The game moved on down the field as the herd of kids followed the soccer ball, and I staggered to my feet, determined not to cry in front of everyone in my class. Another student asked me if I was ok, and I tried to say yes, but all I could do was make a weird guttural noise. This freaked her out almost as much as it freaked me out and she ran and got the teacher. I ended up having to lie down on my back on the ground while the PE coach pumped my legs to get air back in my lungs. So at the age of eight, I got a vivid realization of exactly what it mean to have "the wind knocked out of you."

Fast forward twenty years and I have pretty much managed to avoid soccer fields and other kicking-related sports that might put me in danger of reliving that experience. Between Jazzercise and Pilates and beginner yoga, I sometimes like to imagine that I have pretty good balance and that my agility and coordination have improved since I was a spastic little eight year old. Sure, the sidewalk can still sneak up on me sometimes, but for the most part I am capable of functioning in day to day life without putting myself in danger of having the wind knocked out of me.

Or so I thought.

Friday was a busy day. I taught my final class on the history of the British novel. I scurried over to the other campus to meet with my advisor, and then meet with a student. The department holiday party was that afternoon, and before I knew it, I was on the train heading home with not much time left before I needed to be changed and ready to go to the Christmas party we were attending that night. And I still had gifts to wrap and a cheeseball to make!

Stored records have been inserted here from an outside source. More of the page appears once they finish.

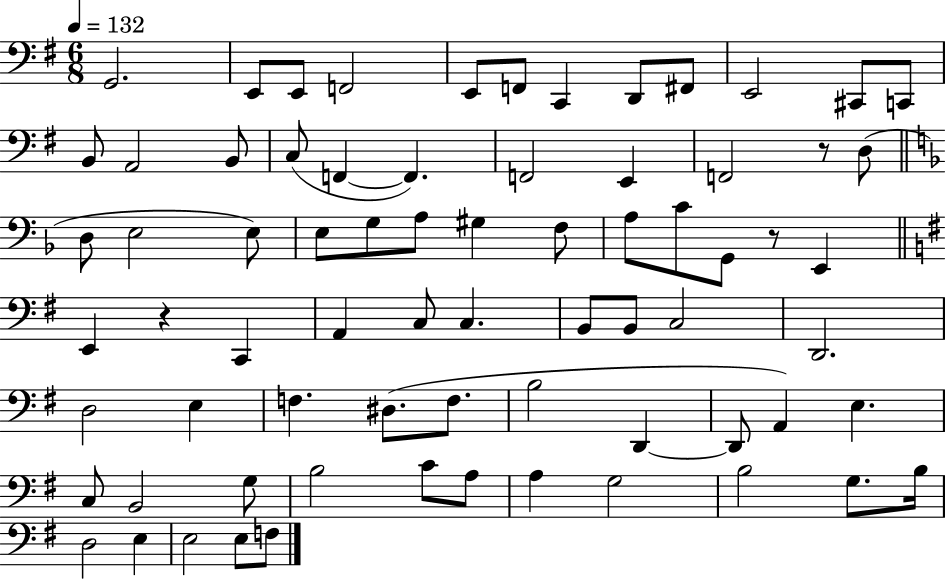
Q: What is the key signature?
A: G major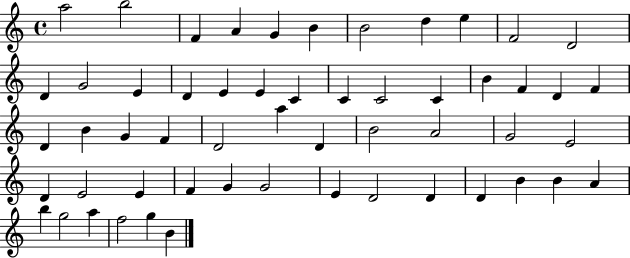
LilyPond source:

{
  \clef treble
  \time 4/4
  \defaultTimeSignature
  \key c \major
  a''2 b''2 | f'4 a'4 g'4 b'4 | b'2 d''4 e''4 | f'2 d'2 | \break d'4 g'2 e'4 | d'4 e'4 e'4 c'4 | c'4 c'2 c'4 | b'4 f'4 d'4 f'4 | \break d'4 b'4 g'4 f'4 | d'2 a''4 d'4 | b'2 a'2 | g'2 e'2 | \break d'4 e'2 e'4 | f'4 g'4 g'2 | e'4 d'2 d'4 | d'4 b'4 b'4 a'4 | \break b''4 g''2 a''4 | f''2 g''4 b'4 | \bar "|."
}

Once I got home, I was on a mission. Put on sequined top, skinny jeans, and boots (because, honestly, what's the point of a holiday if you don't wear sequins?). Decided time did not allow for the cheeseball so we would just bring extra booze and count on other people to supply the food (several of my friends have a flair for the culinary, so this is usually a safe bet, and that night was no exception). I edited David's outfit and made him change so that we were slightly coordinated without being too matchy (no sequins for him!) and then it was time to wrap the gifts.

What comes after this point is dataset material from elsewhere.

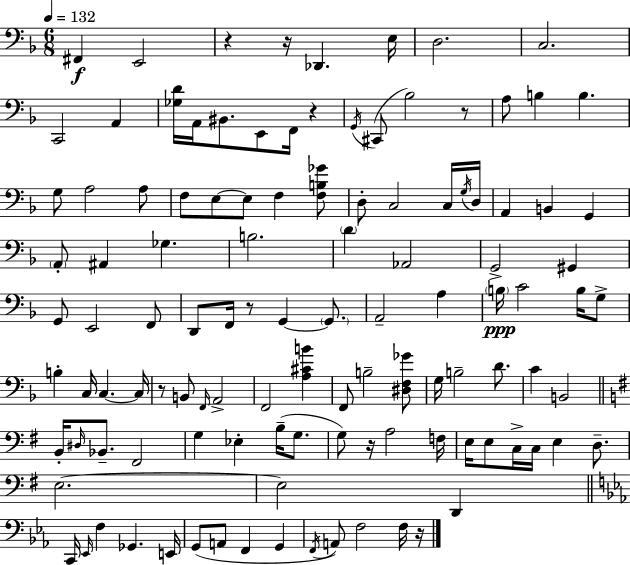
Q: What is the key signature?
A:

I grabbed the roll of wrapping paper from its storage bin in the guest room closet and marched with it into the kitchen to use the big counter space for wrapping. I was really on a mission now, taking long strides and carrying the roll of wrapping paper at hip level, sort of like a jousting rod. David was sitting at the dining room table, so I walked by him, chattering about the party, the gift exchange, whatever. I lifted the wrapping paper roll to put it on the counter.

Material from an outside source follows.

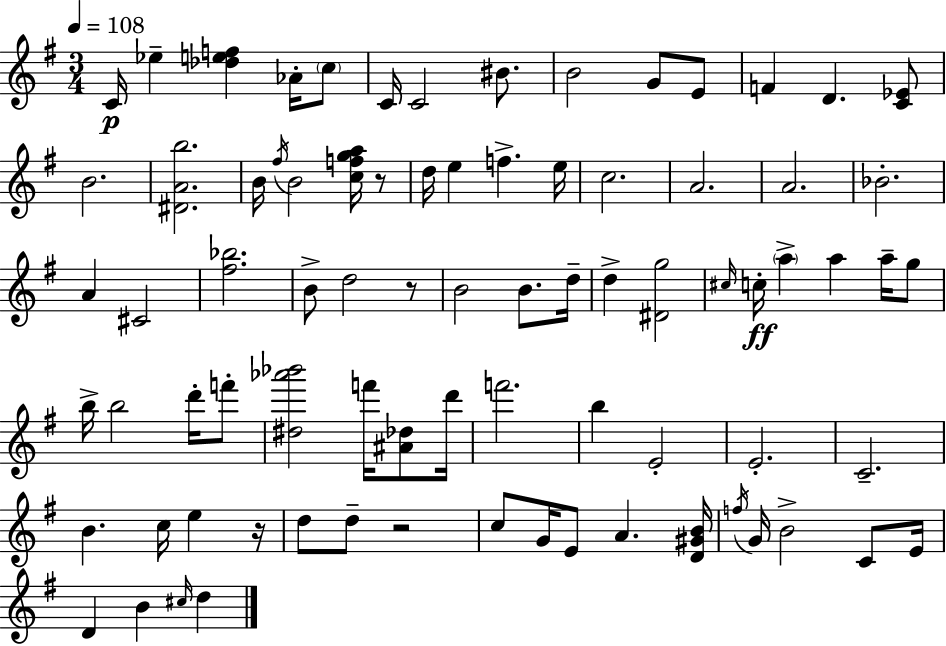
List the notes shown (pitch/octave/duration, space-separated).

C4/s Eb5/q [Db5,E5,F5]/q Ab4/s C5/e C4/s C4/h BIS4/e. B4/h G4/e E4/e F4/q D4/q. [C4,Eb4]/e B4/h. [D#4,A4,B5]/h. B4/s F#5/s B4/h [C5,F5,G5,A5]/s R/e D5/s E5/q F5/q. E5/s C5/h. A4/h. A4/h. Bb4/h. A4/q C#4/h [F#5,Bb5]/h. B4/e D5/h R/e B4/h B4/e. D5/s D5/q [D#4,G5]/h C#5/s C5/s A5/q A5/q A5/s G5/e B5/s B5/h D6/s F6/e [D#5,Ab6,Bb6]/h F6/s [A#4,Db5]/e D6/s F6/h. B5/q E4/h E4/h. C4/h. B4/q. C5/s E5/q R/s D5/e D5/e R/h C5/e G4/s E4/e A4/q. [D4,G#4,B4]/s F5/s G4/s B4/h C4/e E4/s D4/q B4/q C#5/s D5/q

And that is when my hand-eye coordination failed me.

I made some kind of minuscule miscalculation and instead of placing the wrapping paper roll on top of the counter, it hit the edge of the counter and stopped. But I kept moving. I ended up jamming my entire body weight into the wrapping paper roll as it dug its way into my gut, just under my ribs on the right side.

Evidently it was a firm rather than flexible cardboard roll. And I was walking pretty quickly. So if this thing had had a sharp point, it would have impaled me. As it was, it simply knocked all the air out of me in a "whoosh" and I dramatically collapsed to the floor.

I was having a flashback to the third grade soccer game because I was gasping for air but it appeared that my lung had been entirely deflated. So there I was, on my hands and knees on the kitchen floor, unable to breathe in or out, wondering whether I needed to lie down on my back and start pumping my legs or whether I would just start to breath in a second. When I started making a noise that resembled a dog coughing, David got up from the table and came over to assist me. He put his hands under my armpits and dragged me up to my feet and told me to put my hands above my head.

I guess these are the kinds of things you learn to do in PE School, because it worked.

I was finally able to breathe normally again, although even that was a bit complicated because I was also kind of laughing and kind of wanting to cry. Sure, it was totally embarrassing and funny that I had just rammed my entire body into a wrapping paper roll, but it also seriously hurt and really knocked the air out of me. And I suspected that I had bruised a lung (which made for a great conversation starter at the party when I made that casual announcement, "So, I bruised my lung today," and then was forced to admit it was a self-diagnosis as the looks of shock and voices of concern compelled me to full-disclosure).

David continued to mock me for "jousting myself with wrapping paper" and making jokes about how I need to wear full body armor all the time. Until we were home putting on p.j.s and I discovered that there was a serious bruise and red mark on my ribs because I hit that damn roll of paper so hard. Then he felt a little sorry for me.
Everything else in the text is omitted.